Erythema multiforme (EM) is an acute, immunemediated disorder. Ninety percent of EM cases are attributable to infection, the most common being herpes simplex virus (HSV). Clinical findings in HSV-associated EM are thought to be secondary to an immune-mediated response against viral antigen-positive cells containing HSV DNA polymerase pol. Additional etiologic factors implicated in the development of EM, including medications and other infections, are listed in Table 14-1. Medications are believed to incite less than 10% of EM cases.

EM presents with isolated cutaneous lesions, isolated mucosal lesions, or a combination of the two. Previously, EM was considered to represent a spectrum of disease, including EM minor and major, Stevens-Johnson syndrome (SJS), and toxic epidermal necrolysis (TEN). Now, however, EM major and SJS are considered distinct clinical entities with similar mucosal erosions, but differing cutaneous lesions.

Prodromal symptoms, including fever, malaise, and myalgias, may be present, most commonly when there is mucosal involvement. The classic lesions of EM are targetoid in appearance and comprise the following features: a central area of dusky epidermal necrosis, a concentric dark red inflammatory ring surrounded by a lighter, edematous ring with an outer zone of erythema. The lesions may change in morphology over the course of the episode, and geographic, polycyclic, and annular configurations have been described. In addition, some lesions may appear “atypical” in that they consist of ill-defined, two-zoned targets. Figure 14-1 depicts typical targetoid lesions.

Mucosal lesions occur in 25% to 60% of EM episodes (Fig. 14-2). The oral mucosa is most commonly involved. Lesions present with erythema and
edema and progress to superficial erosions. Symptoms of burning, swelling, and pain can lead to poor oral intake. Importantly, involvement of the ocular and upper respiratory mucosa may occur. Sequelae from mucosal involvement include keratitis, conjunctival scarring, uveitis, permanent visual impairment, esophagitis with strictures, and upper airway erosions leading to pneumonia.
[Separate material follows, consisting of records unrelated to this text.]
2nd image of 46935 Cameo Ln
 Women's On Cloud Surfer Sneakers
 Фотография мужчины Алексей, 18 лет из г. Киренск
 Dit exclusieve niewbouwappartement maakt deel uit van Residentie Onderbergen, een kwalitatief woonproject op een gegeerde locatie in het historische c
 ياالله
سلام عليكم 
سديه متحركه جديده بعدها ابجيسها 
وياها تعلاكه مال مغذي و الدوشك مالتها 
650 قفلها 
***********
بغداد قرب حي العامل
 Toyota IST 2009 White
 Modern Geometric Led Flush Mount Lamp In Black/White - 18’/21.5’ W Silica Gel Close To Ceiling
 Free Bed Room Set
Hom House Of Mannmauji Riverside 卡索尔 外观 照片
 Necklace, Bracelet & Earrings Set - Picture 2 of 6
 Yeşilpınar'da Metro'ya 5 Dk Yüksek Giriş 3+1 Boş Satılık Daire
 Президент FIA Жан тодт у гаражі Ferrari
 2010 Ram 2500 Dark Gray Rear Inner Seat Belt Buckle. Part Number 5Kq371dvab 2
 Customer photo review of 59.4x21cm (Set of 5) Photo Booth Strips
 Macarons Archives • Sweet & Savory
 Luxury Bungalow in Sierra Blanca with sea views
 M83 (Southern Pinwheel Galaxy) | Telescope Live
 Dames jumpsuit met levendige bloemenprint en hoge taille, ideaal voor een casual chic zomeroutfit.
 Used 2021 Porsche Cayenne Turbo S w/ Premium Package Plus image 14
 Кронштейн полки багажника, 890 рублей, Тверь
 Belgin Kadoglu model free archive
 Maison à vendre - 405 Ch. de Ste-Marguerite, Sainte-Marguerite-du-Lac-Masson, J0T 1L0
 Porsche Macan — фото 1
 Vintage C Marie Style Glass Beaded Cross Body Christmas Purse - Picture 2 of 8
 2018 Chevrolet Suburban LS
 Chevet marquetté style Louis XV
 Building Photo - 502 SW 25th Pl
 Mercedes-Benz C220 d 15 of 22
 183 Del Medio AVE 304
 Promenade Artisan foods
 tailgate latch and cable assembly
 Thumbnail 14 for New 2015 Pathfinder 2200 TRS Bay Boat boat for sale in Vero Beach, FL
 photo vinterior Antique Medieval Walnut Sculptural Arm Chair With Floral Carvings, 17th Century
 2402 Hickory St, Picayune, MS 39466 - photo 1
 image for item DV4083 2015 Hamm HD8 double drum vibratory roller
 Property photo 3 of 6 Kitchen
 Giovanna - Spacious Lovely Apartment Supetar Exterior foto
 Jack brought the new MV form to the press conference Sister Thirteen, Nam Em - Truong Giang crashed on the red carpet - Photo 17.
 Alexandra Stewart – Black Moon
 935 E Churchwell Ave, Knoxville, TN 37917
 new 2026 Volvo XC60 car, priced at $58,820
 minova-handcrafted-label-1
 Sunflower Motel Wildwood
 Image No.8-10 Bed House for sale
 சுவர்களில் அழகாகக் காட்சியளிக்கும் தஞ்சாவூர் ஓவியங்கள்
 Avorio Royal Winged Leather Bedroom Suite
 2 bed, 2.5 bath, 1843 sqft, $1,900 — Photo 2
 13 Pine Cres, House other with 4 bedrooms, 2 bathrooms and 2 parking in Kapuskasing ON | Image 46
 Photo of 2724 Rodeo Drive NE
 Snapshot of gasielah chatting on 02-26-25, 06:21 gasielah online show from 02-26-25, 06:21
Classic EM is an isolated, self-limiting disease. The time from disease onset to resolution is usually less than 4 weeks, but can take up to 6 weeks if mucous
membranes are involved. A subset of EM cases are recurrent (≥six episodes per year) and are mostly triggered by recurrent HSV infection. Other cases of EM can be persistent, in that lesions are continuous and uninterrupted.

No laboratory markers or histopathologic evaluation are required for the diagnosis of EM. Clinical history is paramount in rendering the diagnosis. It is important to inquire about signs and symptoms of infection (HSV or Mycoplasma pneumoniae) and to review the use of new medications. The timing of symptoms is also relevant in determining if the patient has an isolated, episodic, or persistent case of EM.

While it is not necessary for diagnostic confirmation, a skin biopsy may be helpful to exclude other conditions. If HSV lesions are suspected on physical examination, viral culture, HSV polymerase chain reaction (PCR), and/or direct fluorescent antibody should be obtained. When respiratory symptoms are present, M. pneumoniae serologic testing, chest radiograph, and/or throat swab PCR for M. pneumoniae can be obtained. Recurrent idiopathic EM or persistent EM may be further investigated with serologic HSV testing, molecular in situ hybridization/PCR of tissue for HSV, and selected laboratory tests to rule out underlying infectious, inflammatory, autoimmune, or malignant disorders.

Although exceedingly rare, there have been reports linking EM with underlying leukemias and lymphomas. In patients with persistent, recalcitrant EM, solid organ cancers have been described, including gastric adenocarcinoma, renal cell carcinoma, and extrahepatic cholangiocarcinoma.